**Work item:** Please copy only the material from the line that has "2026年最新】newjeans トレカの人気アイテム - メルカリ" to the very last line, both ends included, exactly as written and without pictures.

**Record excerpts:**
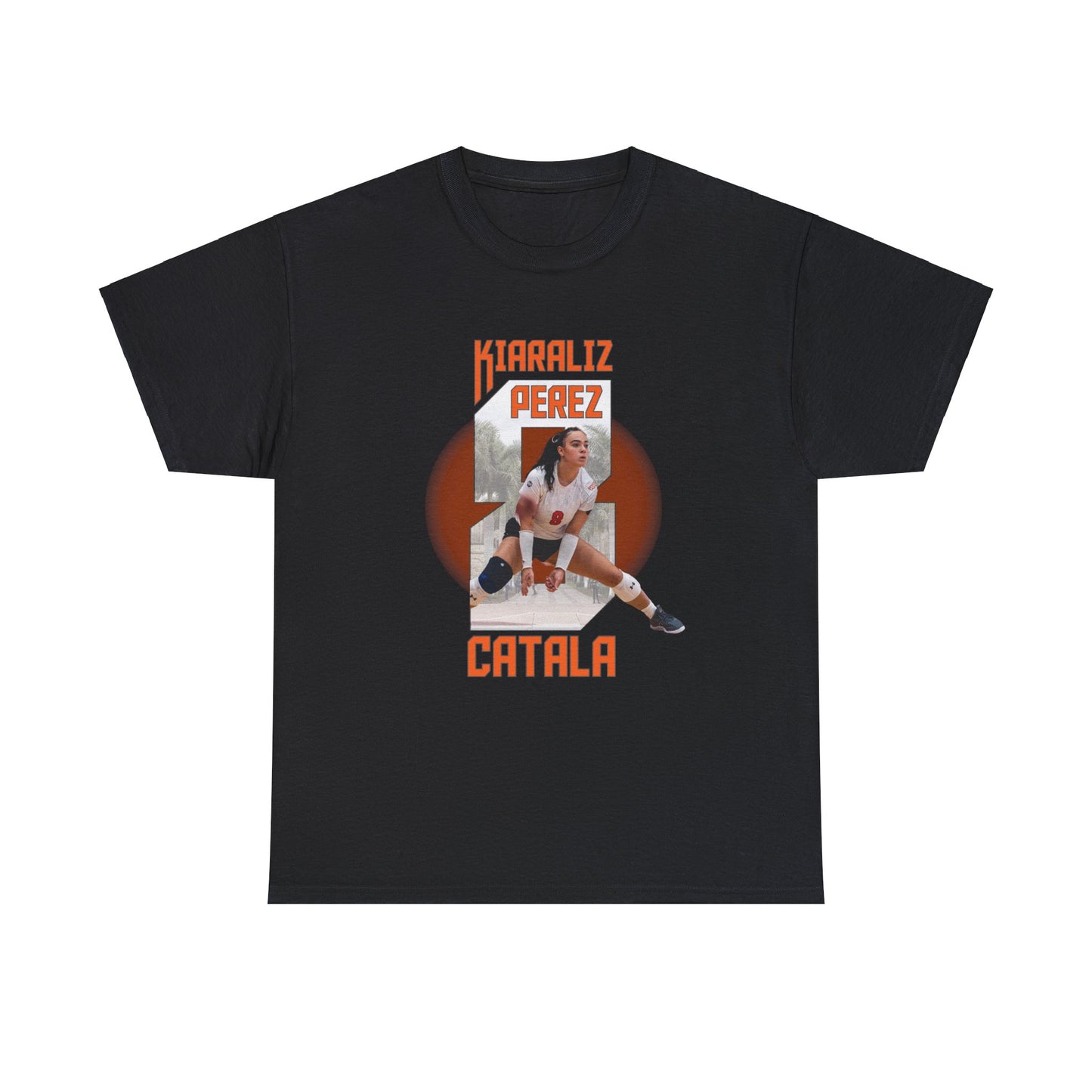 Kiaraliz Perez Catala: GameDay Tee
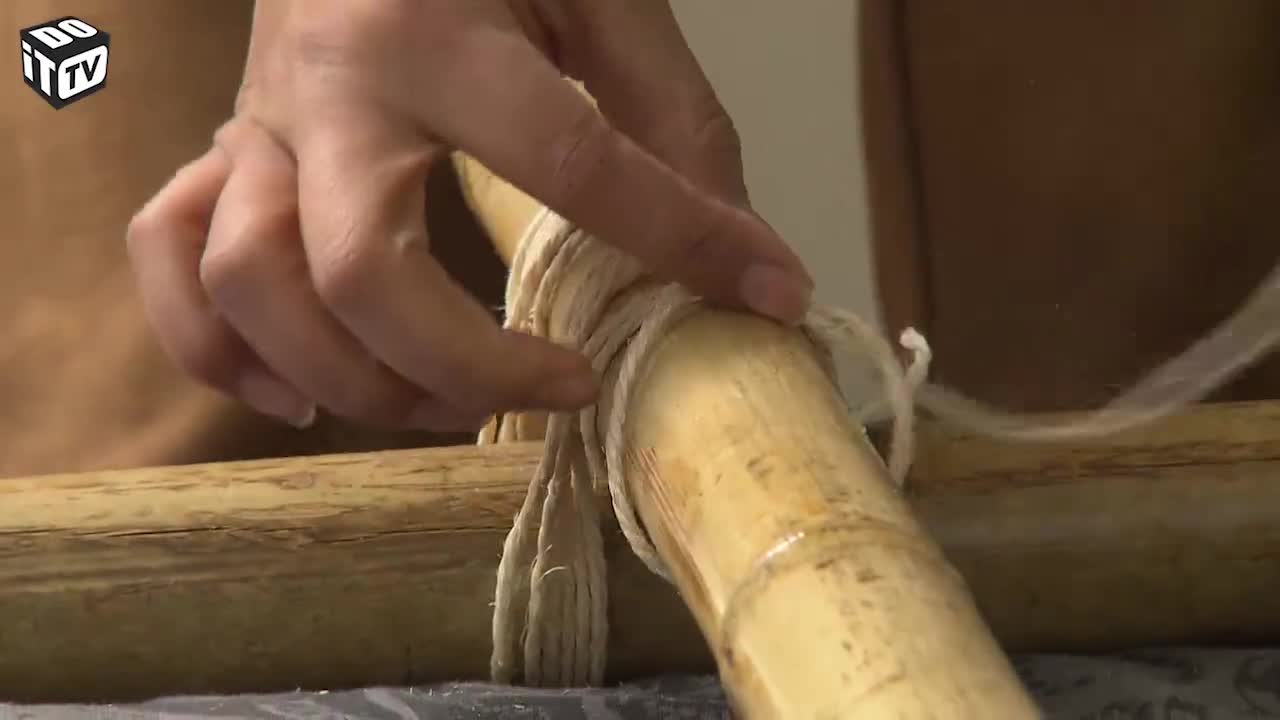 FAITES VOTRE PROPRE MOUSTIQUAIRE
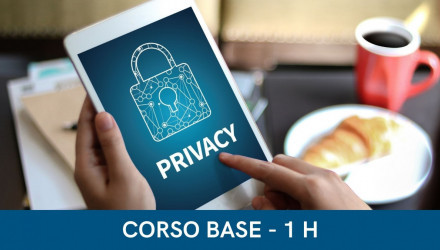 Corso E-Learning sulla Privacy (GDPR) per il Personale Aziendale (Corso Base)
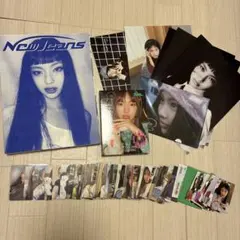 2026年最新】newjeans トレカの人気アイテム - メルカリ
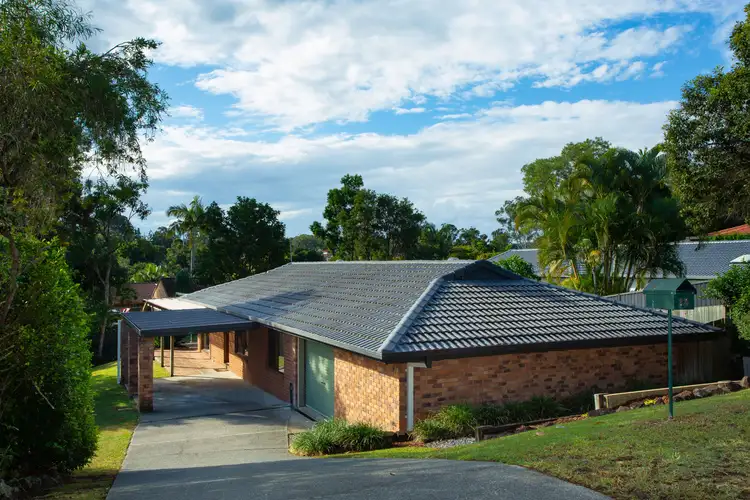 Third view of Homely house listing, 23 San Mateo Boulevard, Ashmore QLD 4214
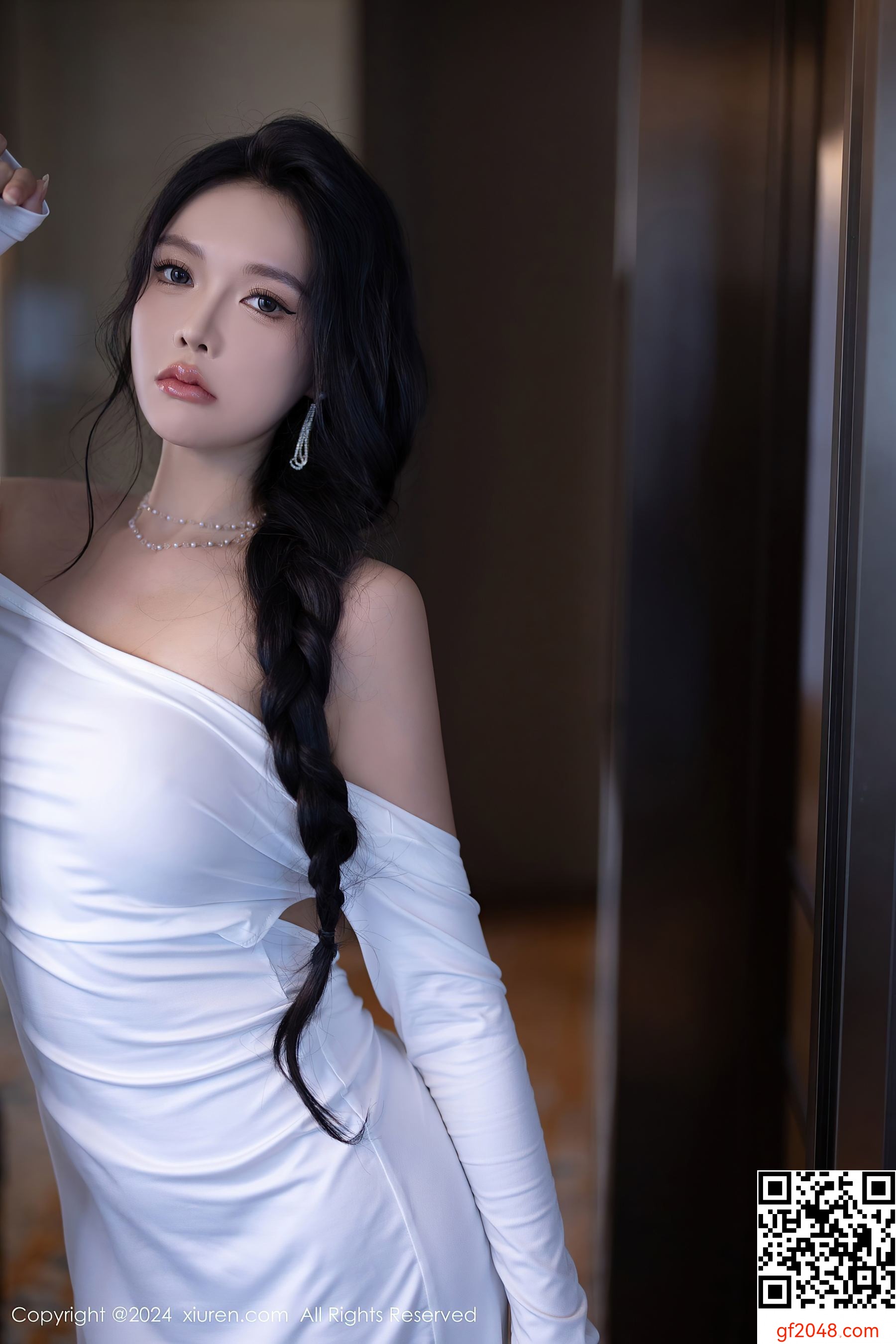 [XiuRen秀人网] No.9115 娜比 黑丝美腿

**Final answer:**
 2026年最新】newjeans トレカの人気アイテム - メルカリ
 Third view of Homely house listing, 23 San Mateo Boulevard, Ashmore QLD 4214
 [XiuRen秀人网] No.9115 娜比 黑丝美腿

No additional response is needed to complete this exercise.